Tanzania will introduce a digital tax this year, the country’s finance minister said, in a move targeting global internet giants offering services in the East African nation. The two-percent tax will come into effect in July and follows similar attempts by other countries to force US multinational tech companies to pay at least a portion of their revenues in local tax.
Tanzania’s Minister for Finance and Planning, Mwigulu Nchemba, announced the measure on Tuesday as he presented the nation’s annual budget.
“Tanzania Revenue Authority shall establish a simplified registration process to accommodate digital economy operators who have no presence in Tanzania,” Nchemba told lawmakers.
“This measure is intended to keep pace with rapid growth in the digital economy,” he added.
The tax needs to be approved by Tanzania’s parliament, which will vote on the budget before July.

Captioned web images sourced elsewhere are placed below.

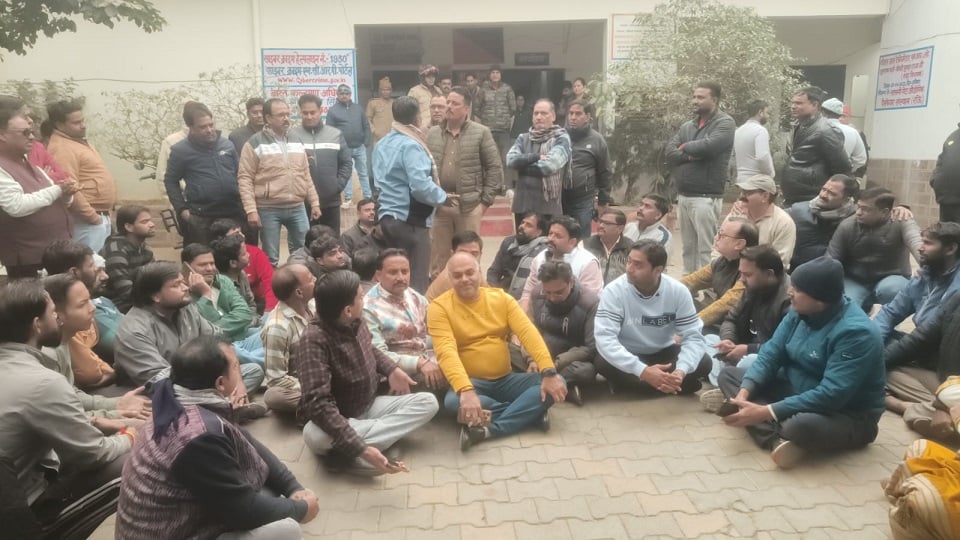 थाने में धरना देते व्यापारी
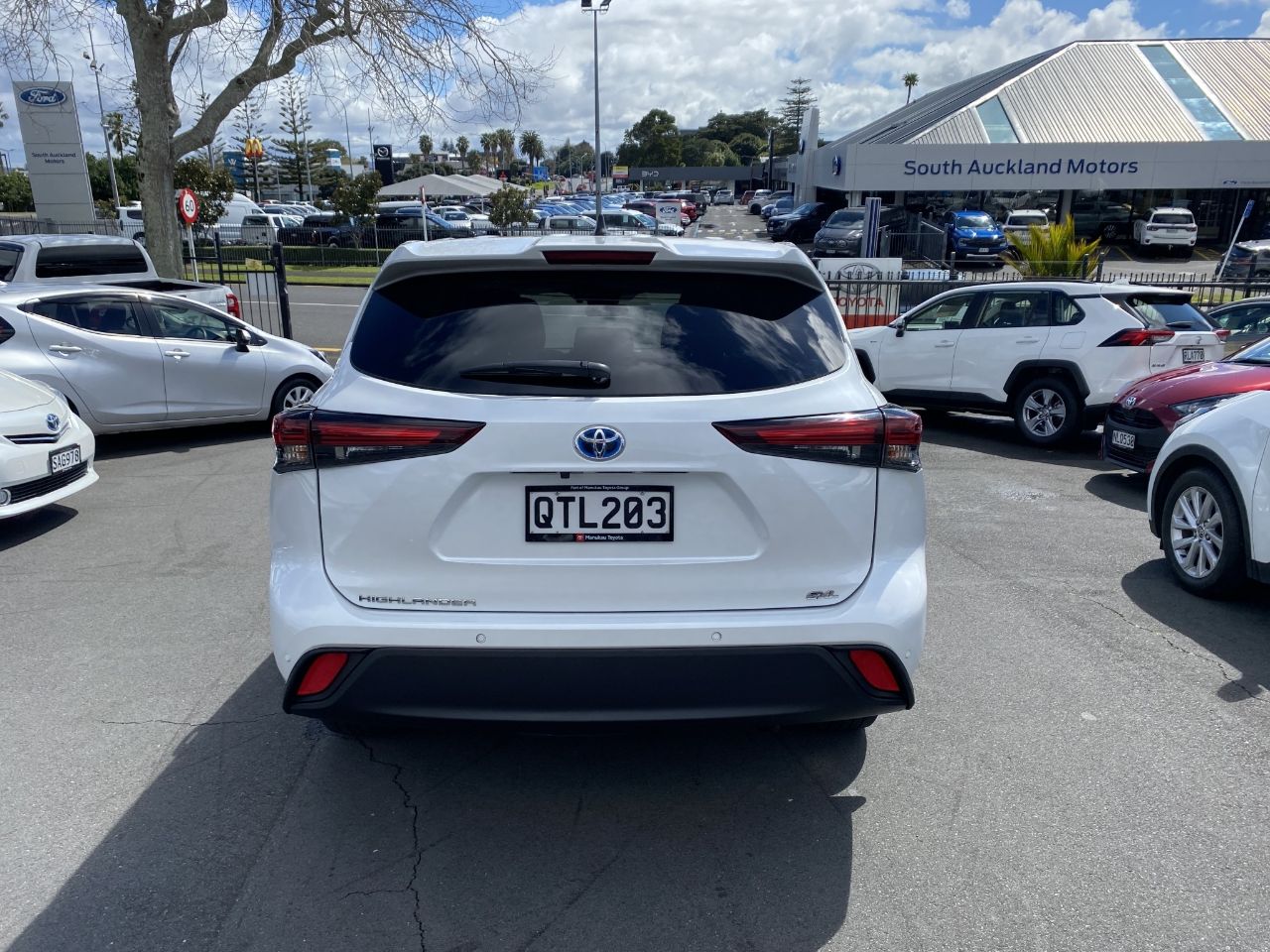Vehicle image 3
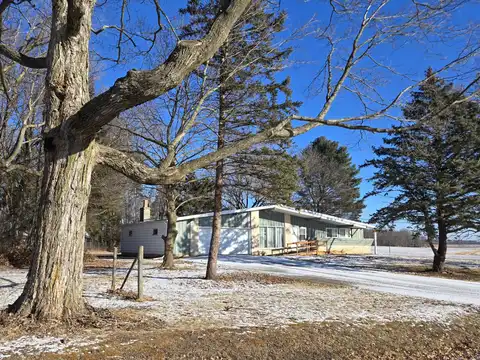 N4938 Martin Rd, Jefferson, WI 53549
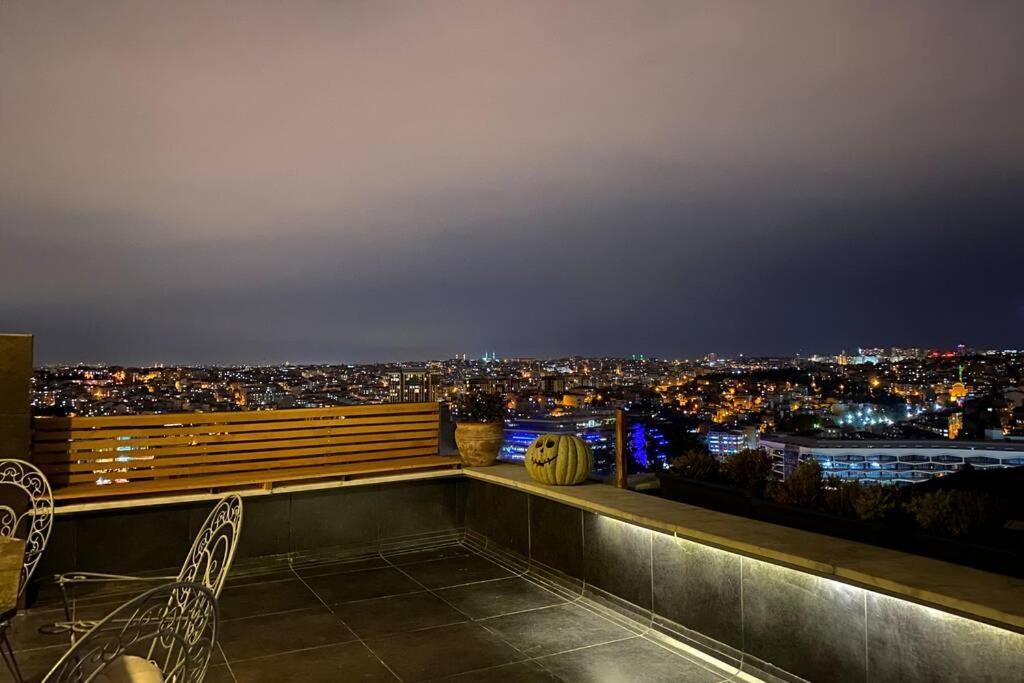 Apartamento Unique Loft With 2 Bedroom 2 Terraces And Amazing 360 Views! Istambul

The tax announcement follows talks in April between officials from the Tanzania Revenue Authority and US social media giant Meta — the parent company to Facebook, Instagram and WhatsApp.
Nearly 140 countries signed up to a 15-percent global minimum corporate tax last October under the auspices of the Organization for Economic Co-operation and Development (OECD). Since then more countries, including Turkey and India, have signed up to the deal, which is expected to come into effect in 2023.
The historic agreement aims to put an end to corporations sheltering profits in low-tax haven countries.